O wycofaniu europejskiego nakazu aresztowania Carlesa Puigdemonta i czeterch innych katalońskich polityków poinformowała 5 grudnia we wtorek agencja informacyjna EFE. Sąd Najwyższy Hiszpanii uchylił wydany 3 listopada nakaz, argumentując swoją decyzję głoszoną przez Puigdemonta gotowością do stawienia się w Hiszpanii na katalońskich wyborach zaplanowanych na 21 grudnia. Wybory to reakcja Madrytu na kryzys rozpoczęty jesienią tego roku przez referendum w sprawie niepodległości regionu. Rząd a nadzieję, że w wyborach zwyciężą partie opowiadające się za jednością z Hiszpanią. Rzecznik Sądu Najwyższego Pablo Llarena zaznaczył, że katalońscy politycy nadal mogą zostać aresztowani po powrocie do Hiszpanii.
W piątek 3 listopada sąd w Madrycie wydał Europejski Nakaz Aresztowania polityków. Władze zarzucają politykom katalońskim rebelię, działalność wywrotową, sprzeniewierzenie środków publicznych oraz nieposłuszeństwo wobec władz centralnych. Prawo belgijskie zakłada, że prokuratura musi doprowadzić do sądu osoby, wobec których wydano nakaz. Puigdemont wraz z pozostałymi czterema członkami rządu przebywa w Belgii. Odwołany szef rządu Katalonii udał się do Brukseli, gdzie wynajął prawnika.

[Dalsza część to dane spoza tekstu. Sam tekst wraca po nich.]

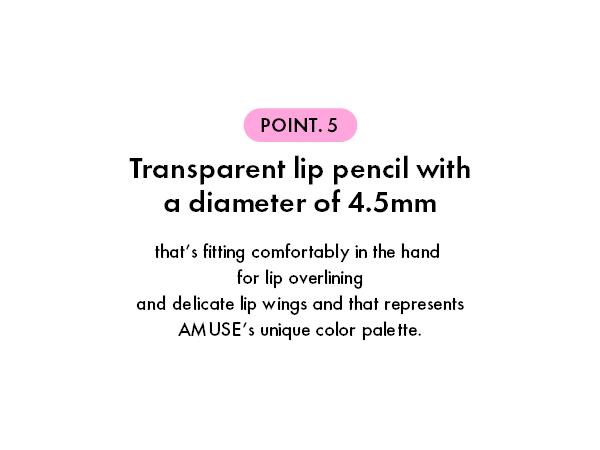 [AMUSE Seoul Official] LIP SMUDGER | 6 Shades lip liner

Reakcja Madrytu na niepodległość Katalonii
Hiszpański rząd przejął bezpośrednią kontrolę nad regionem i odwołał kataloński rząd na czele z Carlesem Puigdemontem. Nastąpiło to w chwili opublikowania w nocy z piątku na sobotę w dzienniku urzędowym decyzji hiszpańskiego Senatu w tej sprawie. Oznacza to, że na czele katalońskiego rządu stoi od teraz Mariano Rajoy. Uprawnienia katalońskiej administracji zostaną przejęte przez poszczególne hiszpańskie ministerstwa. Stanowisko stracił również szef policji z Katalonii Mossos d'Esquadra. Ponadto, Carles Puigdemont oraz pozostałych dwunastu członków katalońskiego rządu nie będzie otrzymywało wynagrodzeń.